In a Canadian Attic

In a Canadian Attic coverIn a Canadian Attic: an invaluable guide to almost every conceivable antique or art object that might be found in a Canadian attic

My guess is that valuable items have appeared in Canadian attics in the last 48 years that are not mentioned here.  This was probably a pretty good guide in the 1960s and 1970s.  Maybe even the 1980s.  It’s too old to claim “almost every conceivable” anything now, though.  There were items created after 1963 that can now be considered valuable.  Maybe not antique, by its official definition (100 years makes something antique), but definitely “art objects” worth knowing about if you are a collector.


Here’s an interesting item that can be found in a Canadian attic:

Eskimo sculpture


  1. What on earth is that Eskimo sculpture treasure?! If I found that in my attic I would have nightmares for life!

  2. Isn’t it only 100 years in America because we’re such a young country, across the pond it’s suppose to be 200+ and anything around 100 years is vintage?

    UKers, help me out here. I thought someone from the original (UK) Antiques Roadshow said that after someone brought them an item that was from America about 100 years ago.

    I assume it would be truish of Canada too even though I think Canada is a bit older than us. I never was good at history. Canadians can yell at me about that.

  3. The 100 years is an international defintion of an antique. Therefor duty-free. My parents are antique dealers. What I wonder is how different are Canadian antiques? Even the example could be made in Alaska. And technically as an independent country Canada is younger.

  4. The term “Eskimo” is considered pejorative in Canada these days. They’re now called the Inuit.

  5. I think you’ll find Canadian antiques are different from American, but then Virginian are quite different from Texan. That said, I’m not sure that the “Eskimo sculpture” depicted even comes from this planet.

  6. Other than Inuit stuff, what else is unique to a Canadian attic v. an American one?

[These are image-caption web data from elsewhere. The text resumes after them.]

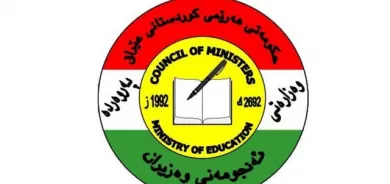 دۆخى په‌روه‌رده‌ كارى زياترى له‌ په‌رله‌مان و حكومه‌تى هه‌رێم ده‌وێت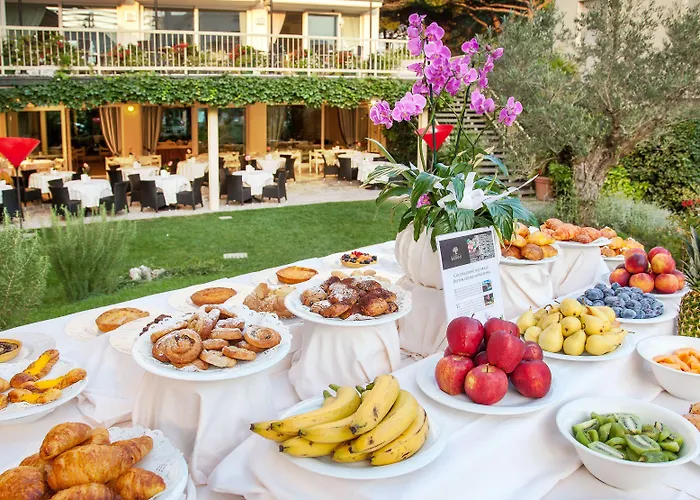 Doge 4* Milano Marittima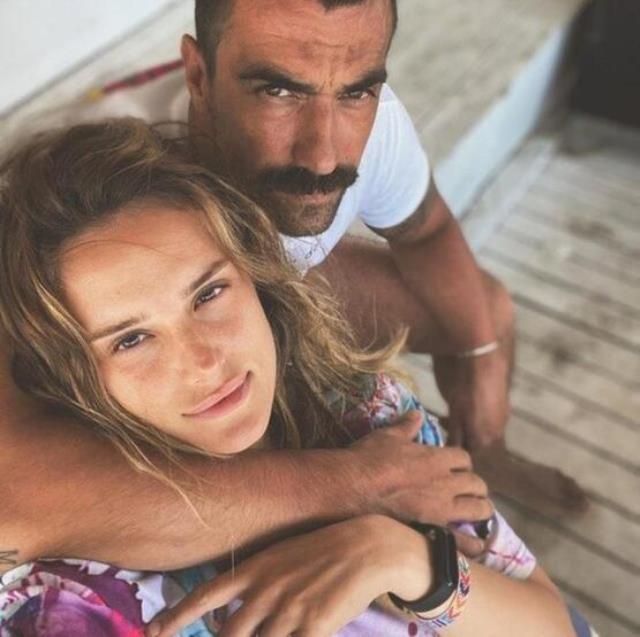 Tuğba Ekinci, eşinden boşanan eski sevgilisi İbrahim Çelikkol'u hedef aldı: Adam olmadın gitti Tuğba Ekinci, eşinden boşanan eski sevgilisi İbrahim Çelikkol'u hedef aldı: Adam olmadın gitti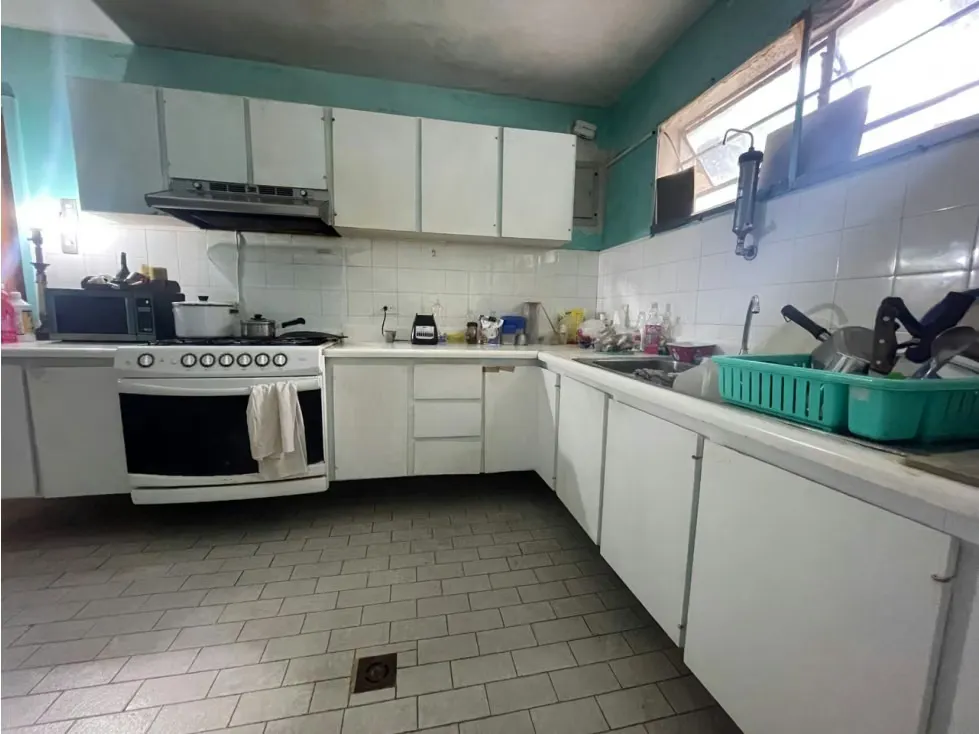 Se vende casa 300m² 4h+s/2b+s/2e Santa Cecilia - 8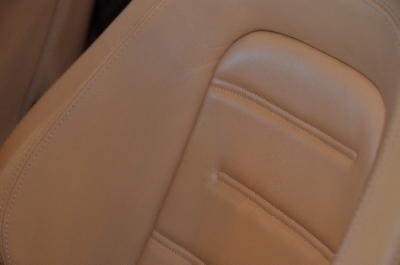 Used 2005 Ferrari F430 Spider Used 2005 Ferrari F430 Spider for sale Sold at Cauley Ferrari in West Bloomfield MI 21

    The sculpture appears to be two boys playing (brothers), the younger one is jumping and the older one holds his hands and boosts him up in the air. It’s actually not that bad and kind of cool in a knickknacky way.

  7. Okay, so the UK AR dude was wrong. Though I do clearly remember an appraiser on that show saying something akin to “100 years is vintage in England and Europe, 200+ is antique, but in America anything 100 years or more is antique because they’re a younger country.”

    I can’t remember the exact quote, but that was the gist of it. Maybe he’s one of those types who makes his own rules though. I was in a store recently where the woman refused to deal with anything she considered “primitive.” Which basically meant anything in dark woods and anything pre-1950s. All her stuff was 50s through 70s. Nice for me, but mom didn’t care for any of it.

  8. @Lurker: I took the figure on the right to be someone holding the sculpture, not part of the sculpture itself.

  9. Eskimo? Inuit? Whatever it is that hideous object can STAY in the Canadian (or Nuunavik or whatever) attic. You can see why Grandad hid it up there.

  10. I don’t think a line drawing of a stone sculpture is particularly helpful in assessing an actual stone sculpture found in an attic or elsewhere. If the sample illustration is typical of the material in the book, then I would weed it because it is not useful and probably never was all that useful ever. I think that most people who find interesting old pieces are going to head straight for the internet to seek information on origin and value.

  11. That drawing is worse than useless for identification purposes. My mother used to collect Inuit sculpture and still has more than a dozen pieces lying around the house. They don’t look much like that. Alas, I doubt most of them are all that valuable, either, although it’s possible that I’m wrong.

  12. Most Canadian attics have squirrels in them. In mine I keep snow shoes, moose antlers, plaid shirts, tuques, hockey pucks, mounties, presbyterians, beaver tails, stubbies, elbow pads, black flies and canoes that don’t tip. I keep my bottle of rye under the bed.